Hustling is the labor of the addict. It means doing whatever is needed, legal or not, to raise just enough cash for the next rock. The world of the "crack head" vacillates between two points: hustling and hitting the pipe.
"Have you noticed any changes in the neighborhood?" I ask, still a little embarrassed at calling five dollars cheap and exposing my class position.
"There has been plenty of change. See over there—" he points to the massive condominium project on 22nd Avenue, the Summit at Madison, which I wrote about last year in an article that described the small ghetto islands that remain in the gentrifying Central District ("Going Under," March 2005). "Over there, there used to be a playground for Planned Parenthood. Black kids used to hang out there. Now it's gone. White folks are buying up everything."
D speaks with a lucidity that you wouldn't expect from a person whose brain has been fried like an egg for nearly 20 years. Though D's skin and hair are rubber-rough, the addiction has not entirely destroyed his mind and appearance, which is certainly not the case for the addict standing next to him, who is old, thin, and in a daze. A regular-looking black woman passes by us, heading, it appears, to the Safeway; both addicts recognize her like someone who's stepped out of the distant past and, like fallen gentlemen, they sober up, straighten up, and politely greet her. She acknowledges their show of respect with a quick nod and crosses the street.
"What do you think about the white people moving into this neighborhood?" I ask, getting to the reason why I'm talking to D. This corner of the Central District has witnessed the mass departure of black Americans, and what now remains of that past are a few churches, a few small businesses, and addicts of a drug that, between 1985 and 1995, ravaged every inner-city neighborhood from San Francisco to Baltimore.
"White folks? They're all right by me. I can get along with them." Regular white folks, like regular black folks, do not, however, get along with crack heads like D. No close or careful examination is needed to know exactly how homeowners feel about people who support their high habits by hustling.

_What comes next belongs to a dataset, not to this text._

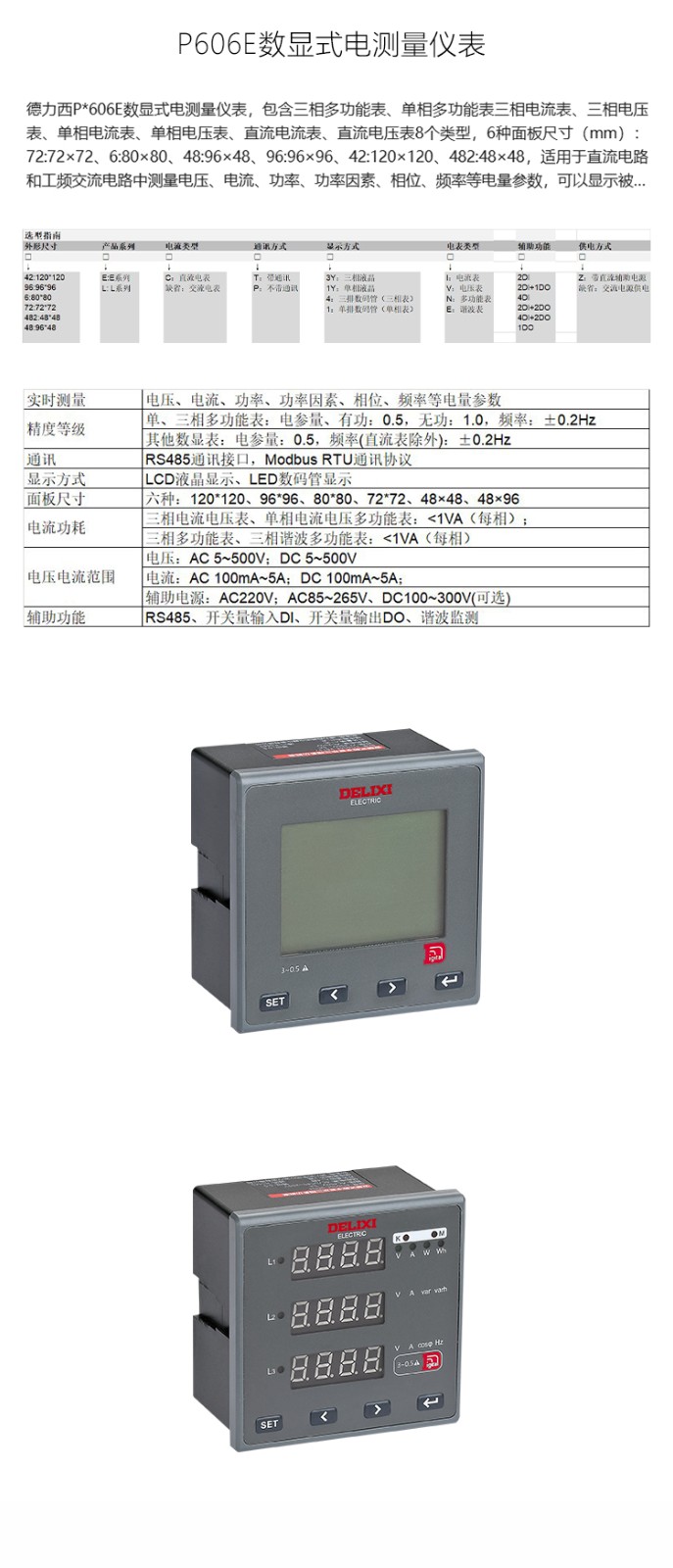 详情_01.jpg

Seattle's Central District—or the Colored District, as blacks once proudly called it—has seen rapid change before. In the late part of the 19th century, it was a Jewish neighborhood; then during the first half of the 20th century, it became a Japanese neighborhood. Although black Americans began settling in the Central District in the late 19th century, it wasn't until World War II that their presence became large enough to transform the Central District into the heart of Seattle's black community. This community went into decline at the end of the 20th century as the numbers of white Americans, as well as East Africans, living there grew.

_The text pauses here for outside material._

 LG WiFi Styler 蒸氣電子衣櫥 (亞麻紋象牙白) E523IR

At the moment, it is hard to tell exactly what will become of the Central District when the latest in a long history of changes is complete, but the settlement of each passing group has left its mark on the area. For example, along Fir Street there are two synagogues: one on 26th Avenue, which is small, weather-worn, and crested by a dead Star of David; the other on 19th Avenue, which is large, noble, made of brown brick and concrete, and has traces of erased Hebrew letters on its façade. Both are presently occupied by black churches (Upper Room and the Tolliver Temple, respectively). As for the Japanese influence, across the street from the Seattle Buddhist Temple is a small park with a ghostly statue of Shinran Shonin. There is the beautiful Japanese Congressional Church on 17th Avenue South and South Jackson Street. And throughout the neighborhood are wooden torii (decorative archways) that enclose bamboo gardens.

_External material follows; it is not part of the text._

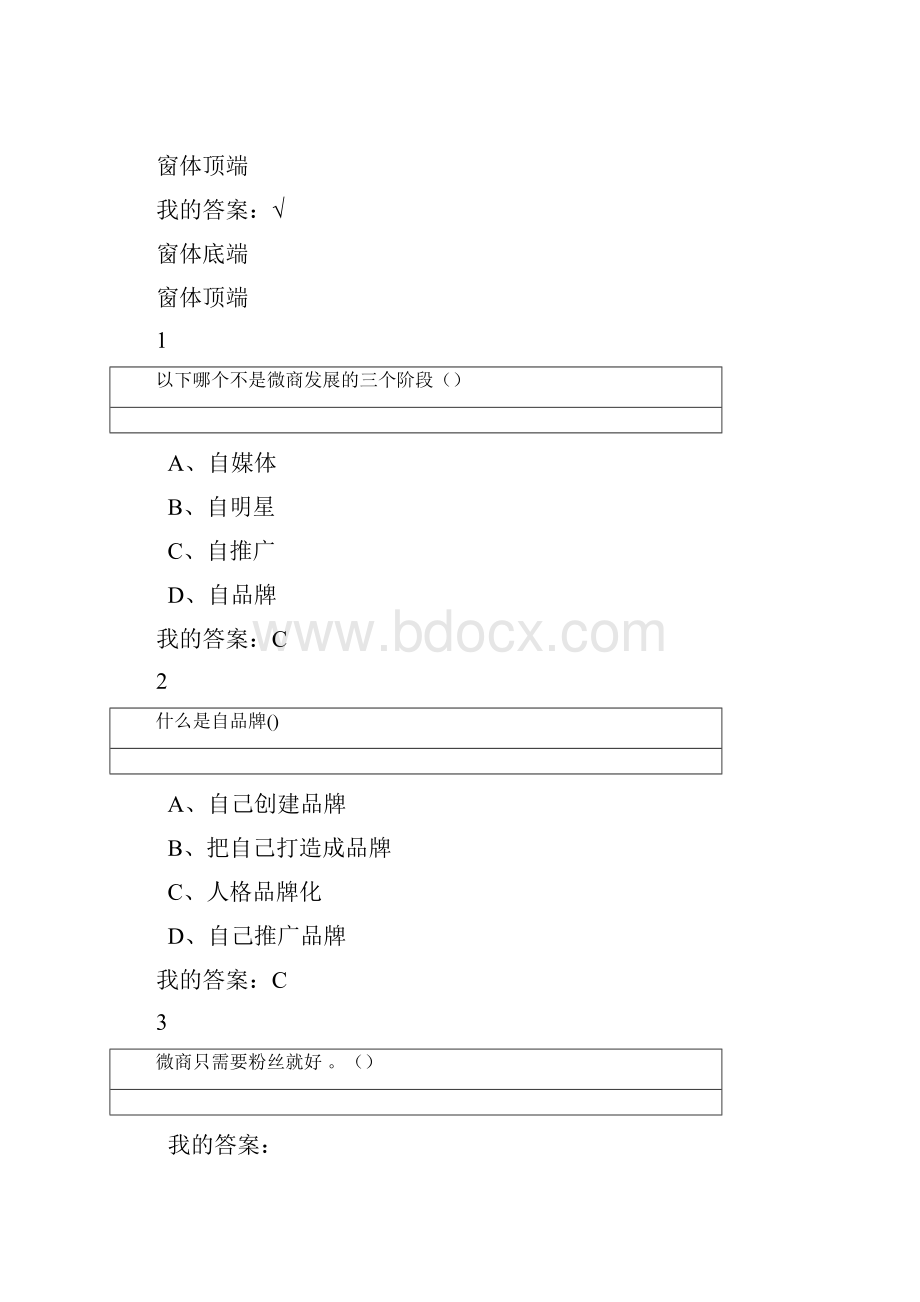 微商创业入门答案.docx_第2页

The black American presence in the neighborhood had three distinct stages: pre–World War II, post–World War II, and the Reagan era. The most lasting mark from the first stage is the First AME (African Methodist Episcopal) Church at 1522 14th Avenue, not far from the ruins of the synagogue Temple de Hirsch (all that remain of that once-proud building are its fluted columns on 15th Avenue at East Union Street). First AME, the oldest black church in Seattle, is part of an older black neighborhood whose hero was the successful businessman William Grose (the details of his life can be found in Esther Hall Mumford's Seattle's Black Victorians).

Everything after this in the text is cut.